Los corridos son un género musical tradicional del norte de México. Se caracterizan por narrar historias reales. Utilizan guitarras, bajo quinto, bandolón y acordeón, instrumentos heredados de España y de la influencia alemana y checa del siglo XIX.
Este género ha evolucionado con el tiempo. Aunque su sonido recuerda a la ranchera y a la banda sinaloense, su contenido es más narrativo y rebelde.
Origen e historia del corrido
Los primeros corridos surgieron en el siglo XIX. Al principio, hablaban de la independencia de México. Durante la Revolución Mexicana (1910-1917), se volvieron populares como medio de comunicación en una población con altos niveles de analfabetismo.
En las décadas siguientes, los temas cambiaron. En los años 20 y 30 surgieron los “corridos tequileros”, sobre el contrabando de alcohol. En 1931 se publicó el primer narcocorrido registrado: El Pablote, sobre un traficante de morfina.
El resurgimiento en los años 70
En los años 70, Los Tigres del Norte retomaron el género. Lo usaron para contar historias sobre la frontera, la migración y el tráfico de drogas. Desde entonces, los corridos siguieron ganando fuerza. Han surgido subgéneros como los corridos tumbados (influenciados por el rap y trap), los verdes (relacionados con el consumo de marihuana) y los alterados (enfocados en la vida del crimen).
Los narcocorridos pertenecen a esta última categoría. Sus letras destacan lujos, armas, violencia y fama criminal.
Vínculos con el narcotráfico
La conexión entre narcotráfico y corridos no solo está en las letras. Muchos artistas han sido financiados por grupos criminales. Algunos han admitido lavar dinero a través de conciertos. Disqueras como DEL Records han sido investigadas por estas prácticas.
Los capos suelen encargar canciones que refuercen su imagen pública. También se usan como herramienta de reclutamiento para jóvenes. Esto convierte al narcocorrido en parte del engranaje de la cultura narco.
Riesgos y consecuencias para los músicos
Cantar narcocorridos puede ser peligroso. Chalino Sánchez, uno de los primeros grandes exponentes, fue asesinado en 1992. A Valentín Elizalde lo mataron en 2006 por cantar un tema que ofendió a un cartel.

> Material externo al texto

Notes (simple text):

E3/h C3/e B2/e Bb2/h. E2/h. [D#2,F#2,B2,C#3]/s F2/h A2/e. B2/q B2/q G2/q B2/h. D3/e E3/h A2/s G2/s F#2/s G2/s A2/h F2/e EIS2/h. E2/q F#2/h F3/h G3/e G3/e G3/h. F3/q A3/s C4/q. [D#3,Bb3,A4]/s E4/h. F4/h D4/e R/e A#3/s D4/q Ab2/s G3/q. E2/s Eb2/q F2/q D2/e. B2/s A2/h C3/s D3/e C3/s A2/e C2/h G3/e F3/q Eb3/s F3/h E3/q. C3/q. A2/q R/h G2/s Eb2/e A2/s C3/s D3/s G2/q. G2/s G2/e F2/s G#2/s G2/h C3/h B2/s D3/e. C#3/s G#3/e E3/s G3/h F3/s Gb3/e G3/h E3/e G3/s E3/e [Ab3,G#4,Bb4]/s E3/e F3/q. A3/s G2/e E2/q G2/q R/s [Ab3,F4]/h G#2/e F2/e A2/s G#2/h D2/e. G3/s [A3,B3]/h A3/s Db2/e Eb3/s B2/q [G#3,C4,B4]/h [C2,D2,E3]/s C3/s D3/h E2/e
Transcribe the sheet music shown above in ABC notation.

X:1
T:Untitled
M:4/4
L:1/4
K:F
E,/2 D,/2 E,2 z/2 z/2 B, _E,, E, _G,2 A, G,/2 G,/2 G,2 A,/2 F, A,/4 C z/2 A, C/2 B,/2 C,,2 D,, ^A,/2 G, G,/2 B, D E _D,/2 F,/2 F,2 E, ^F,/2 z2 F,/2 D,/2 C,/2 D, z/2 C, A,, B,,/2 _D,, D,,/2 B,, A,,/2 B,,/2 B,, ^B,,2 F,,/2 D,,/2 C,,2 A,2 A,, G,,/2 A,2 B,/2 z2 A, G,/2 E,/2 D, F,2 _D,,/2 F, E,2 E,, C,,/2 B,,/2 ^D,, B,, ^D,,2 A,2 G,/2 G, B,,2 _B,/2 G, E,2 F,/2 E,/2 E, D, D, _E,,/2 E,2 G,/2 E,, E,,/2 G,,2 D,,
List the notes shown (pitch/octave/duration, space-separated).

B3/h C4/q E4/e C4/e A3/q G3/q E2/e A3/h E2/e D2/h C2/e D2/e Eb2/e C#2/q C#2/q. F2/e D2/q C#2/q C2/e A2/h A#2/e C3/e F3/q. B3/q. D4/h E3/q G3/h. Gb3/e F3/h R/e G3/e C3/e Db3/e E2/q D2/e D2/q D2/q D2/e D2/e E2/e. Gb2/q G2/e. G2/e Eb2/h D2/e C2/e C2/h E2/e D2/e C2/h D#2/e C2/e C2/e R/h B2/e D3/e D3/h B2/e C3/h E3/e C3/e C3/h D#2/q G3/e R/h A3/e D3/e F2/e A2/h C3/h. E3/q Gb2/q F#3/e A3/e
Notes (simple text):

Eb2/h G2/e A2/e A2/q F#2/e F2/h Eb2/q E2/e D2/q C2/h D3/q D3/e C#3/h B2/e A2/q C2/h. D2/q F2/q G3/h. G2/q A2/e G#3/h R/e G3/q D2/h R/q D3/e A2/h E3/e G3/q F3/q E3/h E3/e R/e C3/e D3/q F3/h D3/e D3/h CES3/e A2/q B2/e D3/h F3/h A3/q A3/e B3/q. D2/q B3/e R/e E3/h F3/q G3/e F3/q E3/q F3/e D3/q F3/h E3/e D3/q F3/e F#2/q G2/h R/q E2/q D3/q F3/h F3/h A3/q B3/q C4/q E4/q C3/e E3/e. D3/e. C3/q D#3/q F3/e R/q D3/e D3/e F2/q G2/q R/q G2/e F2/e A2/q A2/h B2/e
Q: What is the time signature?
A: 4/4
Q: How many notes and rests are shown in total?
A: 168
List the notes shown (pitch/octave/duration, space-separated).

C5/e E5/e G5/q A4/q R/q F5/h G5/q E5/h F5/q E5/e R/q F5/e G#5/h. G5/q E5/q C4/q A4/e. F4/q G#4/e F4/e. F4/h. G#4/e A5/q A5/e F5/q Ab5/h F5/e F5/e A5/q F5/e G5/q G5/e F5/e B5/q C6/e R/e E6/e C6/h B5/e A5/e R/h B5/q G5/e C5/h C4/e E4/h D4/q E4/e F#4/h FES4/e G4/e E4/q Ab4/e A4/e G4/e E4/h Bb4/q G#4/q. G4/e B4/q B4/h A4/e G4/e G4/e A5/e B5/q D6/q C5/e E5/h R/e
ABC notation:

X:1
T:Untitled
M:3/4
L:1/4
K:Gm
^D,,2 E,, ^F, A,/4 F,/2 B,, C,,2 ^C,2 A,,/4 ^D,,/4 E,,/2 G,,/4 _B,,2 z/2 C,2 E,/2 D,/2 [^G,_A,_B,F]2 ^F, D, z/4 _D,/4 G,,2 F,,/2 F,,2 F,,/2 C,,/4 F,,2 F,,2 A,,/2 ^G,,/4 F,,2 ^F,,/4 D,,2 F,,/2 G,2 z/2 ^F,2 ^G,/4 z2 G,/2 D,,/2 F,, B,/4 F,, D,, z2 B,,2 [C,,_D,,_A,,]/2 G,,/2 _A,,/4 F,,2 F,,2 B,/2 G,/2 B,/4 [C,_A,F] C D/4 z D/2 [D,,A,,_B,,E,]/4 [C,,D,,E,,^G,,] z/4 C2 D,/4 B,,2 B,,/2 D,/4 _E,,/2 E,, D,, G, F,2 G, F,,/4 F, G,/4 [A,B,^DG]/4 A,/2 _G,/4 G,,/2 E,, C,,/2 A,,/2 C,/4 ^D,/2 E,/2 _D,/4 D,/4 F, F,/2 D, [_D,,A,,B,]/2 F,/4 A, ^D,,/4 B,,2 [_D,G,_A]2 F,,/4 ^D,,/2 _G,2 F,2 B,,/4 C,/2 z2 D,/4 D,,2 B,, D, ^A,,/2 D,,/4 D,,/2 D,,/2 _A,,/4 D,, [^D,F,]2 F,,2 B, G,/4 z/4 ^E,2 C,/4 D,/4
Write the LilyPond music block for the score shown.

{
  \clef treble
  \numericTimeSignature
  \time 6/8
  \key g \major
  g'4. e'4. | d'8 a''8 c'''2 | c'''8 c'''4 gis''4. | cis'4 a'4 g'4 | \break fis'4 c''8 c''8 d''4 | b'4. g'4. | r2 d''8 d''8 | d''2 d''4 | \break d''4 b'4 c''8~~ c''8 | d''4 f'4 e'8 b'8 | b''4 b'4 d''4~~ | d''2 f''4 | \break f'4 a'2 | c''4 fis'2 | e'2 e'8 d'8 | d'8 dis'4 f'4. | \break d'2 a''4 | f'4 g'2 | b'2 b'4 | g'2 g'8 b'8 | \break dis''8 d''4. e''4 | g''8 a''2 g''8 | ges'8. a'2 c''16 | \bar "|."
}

Peso Pluma fue amenazado si cantaba en Tijuana. Los Alegres del Barranco perdieron su visa a Estados Unidos tras homenajear al Mencho.
Pese a todo, muchos artistas también abordan otros temas: migración, pobreza, separación familiar o cárcel. No todo corrido es narcocorrido.
¿Por qué siguen siendo tan populares?
El fenómeno es binacional. Muchos artistas nacieron o viven en Estados Unidos. El público también está a ambos lados de la frontera. Además, el corrido se ha fusionado con sonidos modernos como el trap, lo que ha atraído a nuevas generaciones.
Según Spotify, el 77% de la música que se escucha en México son corridos. De cada diez canciones mexicanas reproducidas en la plataforma, ocho son corridos.
¿Es posible prohibirlos?
Muchos expertos opinan que los narcocorridos reflejan una realidad social. El sociólogo José Manuel Valenzuela señala que, ante la falta de oportunidades, los jóvenes ven en el narco una vía de ascenso social.
Según Valenzuela, solo cuando se reduzca la desigualdad estructural se podrá desmantelar el culto a los narcotraficantes. Mientras tanto, los corridos seguirán narrando esa realidad violenta.
El corrido como crónica de la realidad
La música ha sido siempre una forma de contar historias. Los corridos, como cualquier manifestación cultural, reflejan el entorno social que los inspira. Por eso, mientras existan los narcos, también existirán los narcocorridos.